Automated Classification of Electrocardiograms Using Wavelet Analysis and Deep Learning

Andrew Demonbreun and Grace Mirsky
Benedictine University


Abstract

The standard 12-lead electrocardiogram (ECG) is a non-invasive diagnostic tool for measuring and recording the electrical activity of the heart. The ECG is commonly used in the diagnosis of cardiac arrhythmias and abnormalities; however, the accurate interpretation of the ECG requires highly skilled practitioners. Therefore, automated diagnostic classification of ECGs can greatly assist clinicians, particularly when a shortage of such specialized personnel exists. In recent years, there has been increased interest in this research topic; however, these studies tend to be limited in the number of samples and/or diversity of the datasets. The 2020 PhysioNet/Computing in Cardiology Challenge facilitates the development of robust classification algorithms over a large, diverse dataset in order to overcome limitations of previous studies.
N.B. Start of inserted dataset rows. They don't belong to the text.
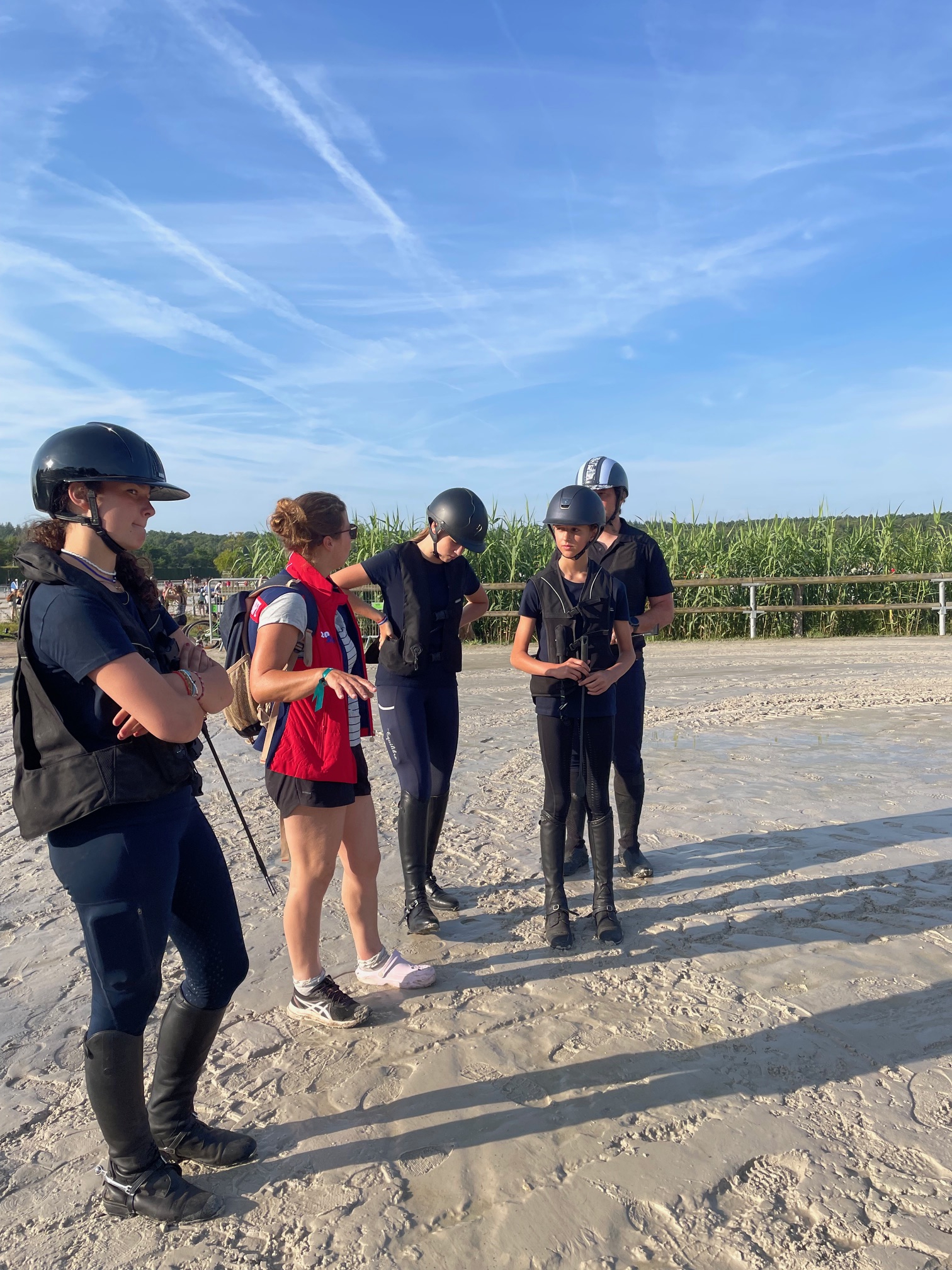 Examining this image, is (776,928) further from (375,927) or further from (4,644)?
(4,644)

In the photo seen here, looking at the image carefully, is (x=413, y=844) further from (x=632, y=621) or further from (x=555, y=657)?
(x=632, y=621)

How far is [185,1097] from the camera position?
2.45m

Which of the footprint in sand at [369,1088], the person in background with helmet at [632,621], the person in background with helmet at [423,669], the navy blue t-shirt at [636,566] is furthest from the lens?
the navy blue t-shirt at [636,566]

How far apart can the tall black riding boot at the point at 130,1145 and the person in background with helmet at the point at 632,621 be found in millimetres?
2733

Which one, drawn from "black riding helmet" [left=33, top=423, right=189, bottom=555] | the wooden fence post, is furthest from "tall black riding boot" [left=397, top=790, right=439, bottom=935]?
the wooden fence post

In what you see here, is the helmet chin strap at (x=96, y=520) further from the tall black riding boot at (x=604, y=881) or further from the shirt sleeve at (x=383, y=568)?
the tall black riding boot at (x=604, y=881)

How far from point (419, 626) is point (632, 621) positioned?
119 cm

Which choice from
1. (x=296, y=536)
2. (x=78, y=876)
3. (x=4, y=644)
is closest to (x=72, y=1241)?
(x=78, y=876)

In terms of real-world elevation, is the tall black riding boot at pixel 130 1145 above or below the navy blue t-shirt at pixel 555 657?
below

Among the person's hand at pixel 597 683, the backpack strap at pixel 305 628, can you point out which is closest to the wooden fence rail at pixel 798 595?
the person's hand at pixel 597 683

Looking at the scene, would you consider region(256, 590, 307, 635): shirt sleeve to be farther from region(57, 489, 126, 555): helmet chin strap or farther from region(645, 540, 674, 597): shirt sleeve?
region(645, 540, 674, 597): shirt sleeve

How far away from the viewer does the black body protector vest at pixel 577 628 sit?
156 inches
Our approach is to use wavelet analysis to develop multiple deep learning models, creating a unique model for each arrhythmia and lead. This approach leverages the ability of different leads, based upon their anatomical position, to better observe different arrhythmias. A voting scheme is implemented amongst the leads, allowing for confirmation of arrhythmia diagnosis from multiple leads. By having separate models for each arrhythmia type, this approach also allows for the classification of multiple coexisting arrhythmias. We use a modified version of GoogLeNet for training. Since GoogLeNet is designed for image classification, we convert the ECG signals to scalograms to leverage transfer learning. Scalograms are time-frequency representations of the absolute value of the continuous wavelet transform coefficients plotted over time and frequency. In the Unofficial Phase, we were unable to build models for all leads due to time limitations; our best performing entry received F_beta score = 0.310 and G_beta score = 0.170. Validation accuracy ranged from 83-98% for the different arrhythmias during training. In the official phase, we plan to build the complete set of models, which should improve our results.